PG&E Corporation discloses historical financial results and provides guidance based on “non-GAAP earnings from operations” and “non-GAAP EPS from operations” in order to provide a measure that allows investors to compare the underlying financial performance of the business from one period to another, exclusive of items impacting comparability.
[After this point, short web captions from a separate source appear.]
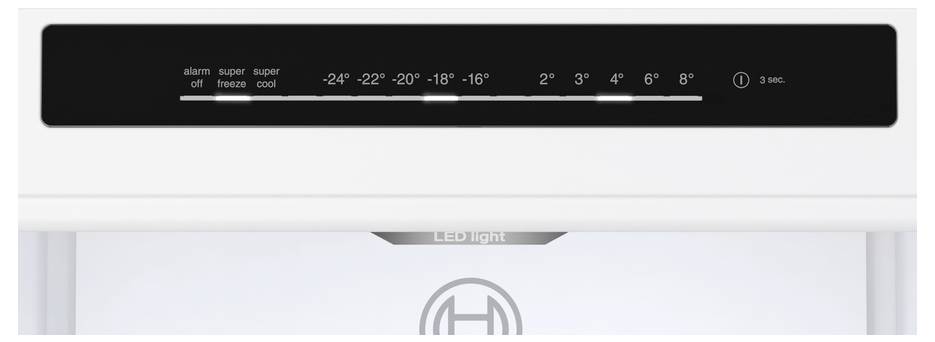 Detailní pohled na digitální ovládací panel chladičky zobrazující nastavení teploty od -24° do 8° s ovládáním LED osvětlení.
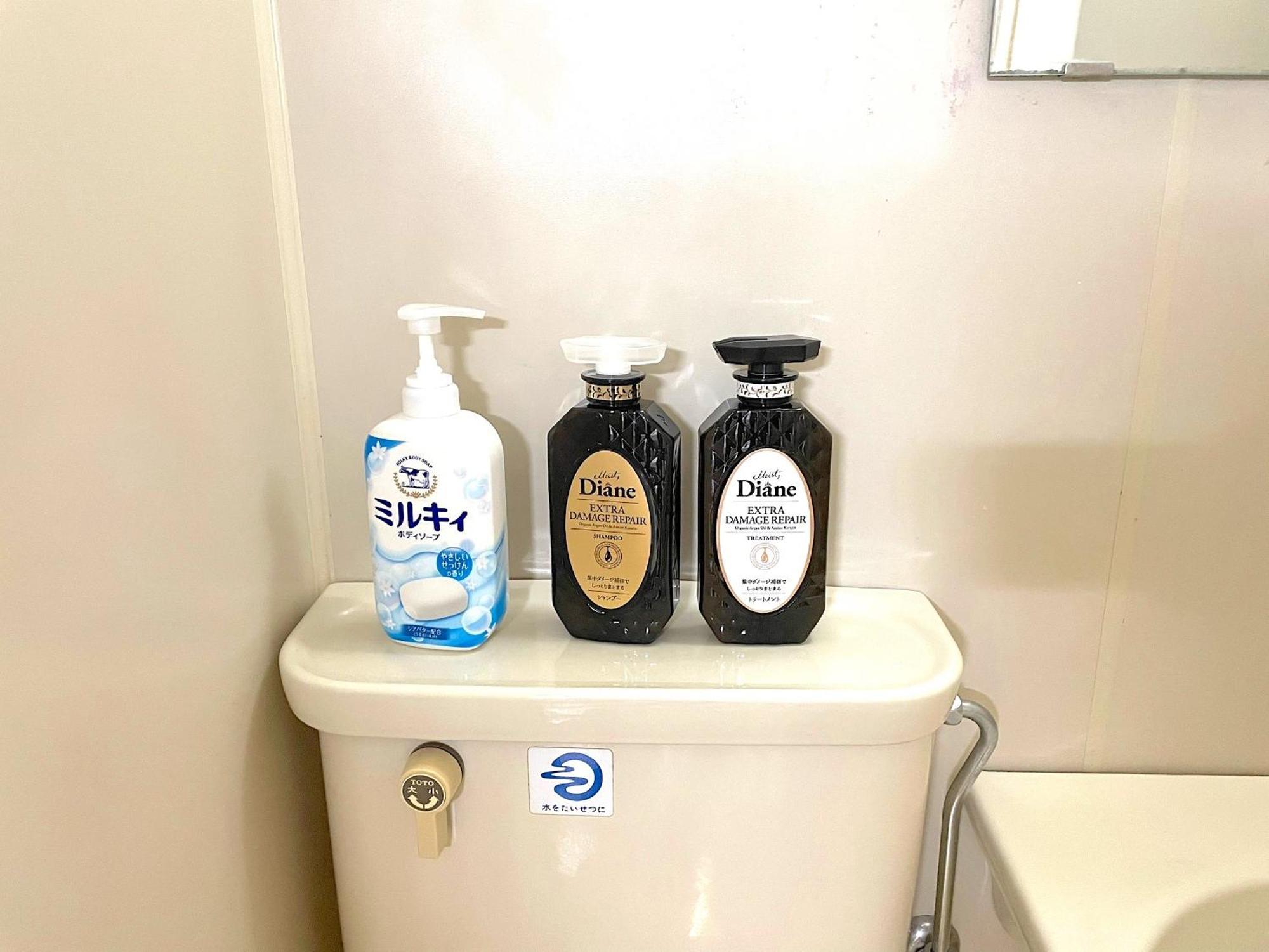 Fukuoka Airport Line Ijiri St Self Check In Apartment Экстерьер фото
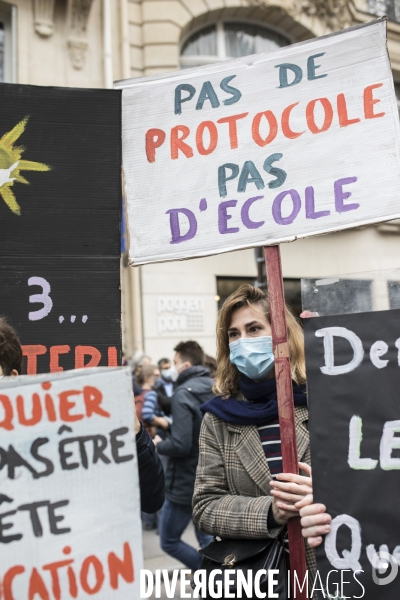 Manifestation des enseignants en  grève sanitaire 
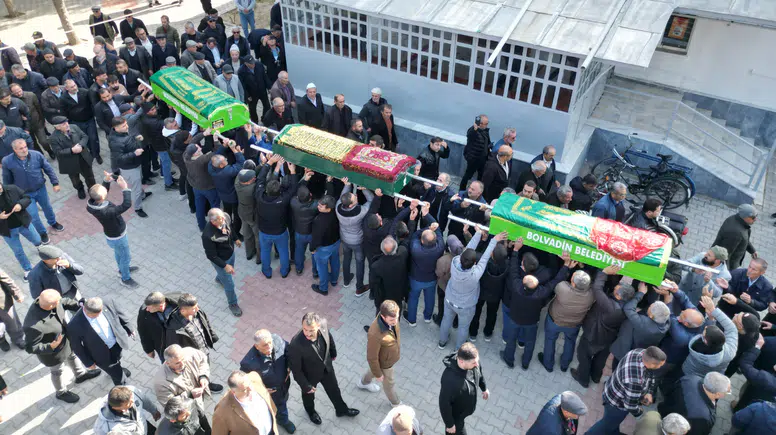 İstanbul’da gıda zehirlenmesi faciası: Böcek ailesinden anne ve iki çocuğu toprağa verildi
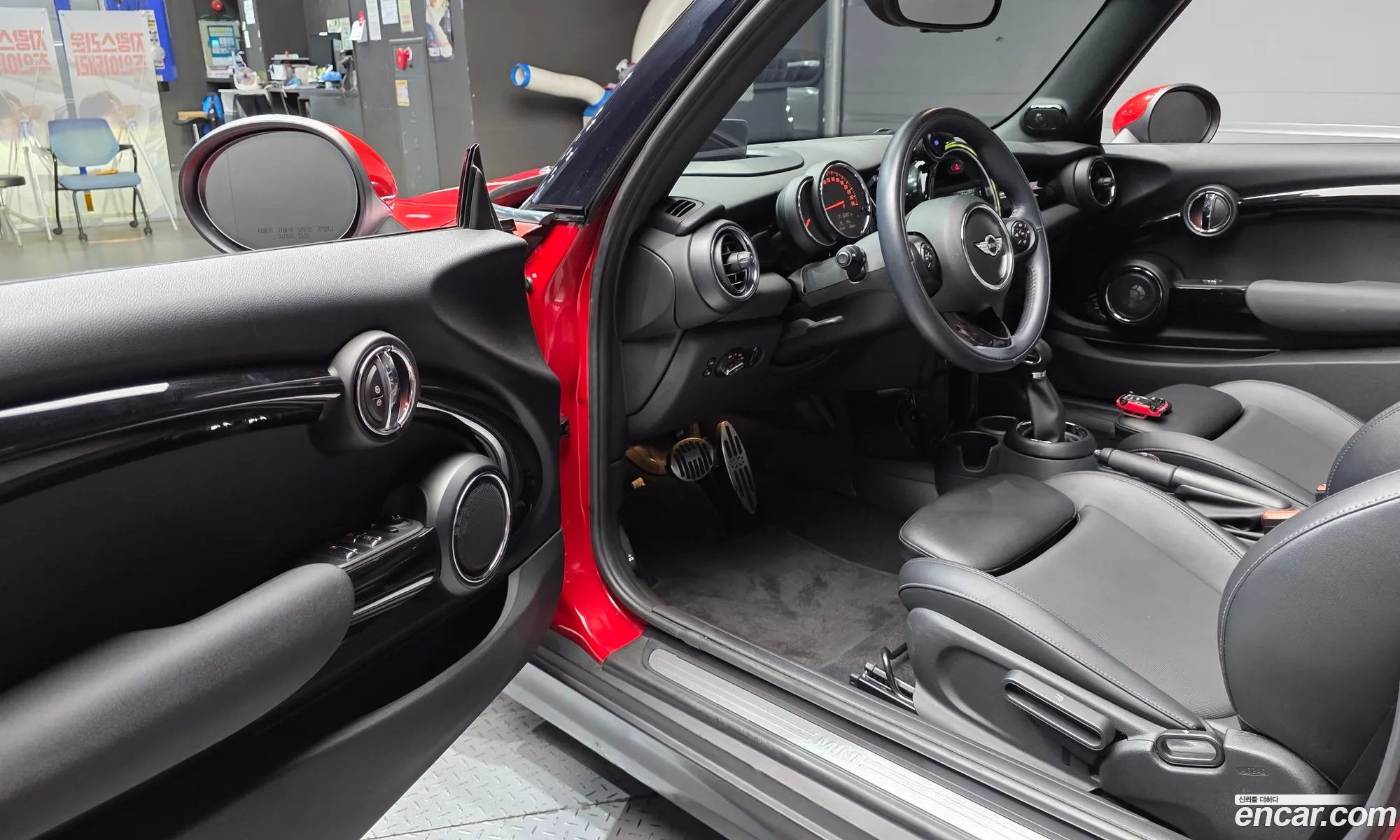 Mini Cooper Convertible 2018 WMWWG5103J3A80363 — 18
“Non-GAAP earnings from operations” is a non-GAAP financial measure and is calculated as income available for common shareholders less items impacting comparability. “Items impacting comparability” represent items that management does not consider part of the normal course of operations and affect comparability of financial results between periods, consisting of the items listed in exhibits. “Non-GAAP EPS from operations” also referred to as “non-GAAP earnings per share from operations” is a non-GAAP financial measure and is calculated as non-GAAP earnings from operations divided by common shares outstanding (diluted). PG&E Corporation uses non-GAAP earnings from operations and non-GAAP EPS from operations to understand and compare operating results across reporting periods for various purposes including internal budgeting and forecasting, short- and long-term operating planning, and employee incentive compensation. PG&E Corporation believes that non-GAAP earnings from operations and non-GAAP EPS from operations provide additional insight into the underlying trends of the business, allowing for a better comparison against historical results and expectations for future performance.

Non-GAAP earnings from operations and non-GAAP EPS from operations are not substitutes or alternatives for GAAP measures such as consolidated income available for common shareholders and may not be comparable to similarly titled measures used by other companies.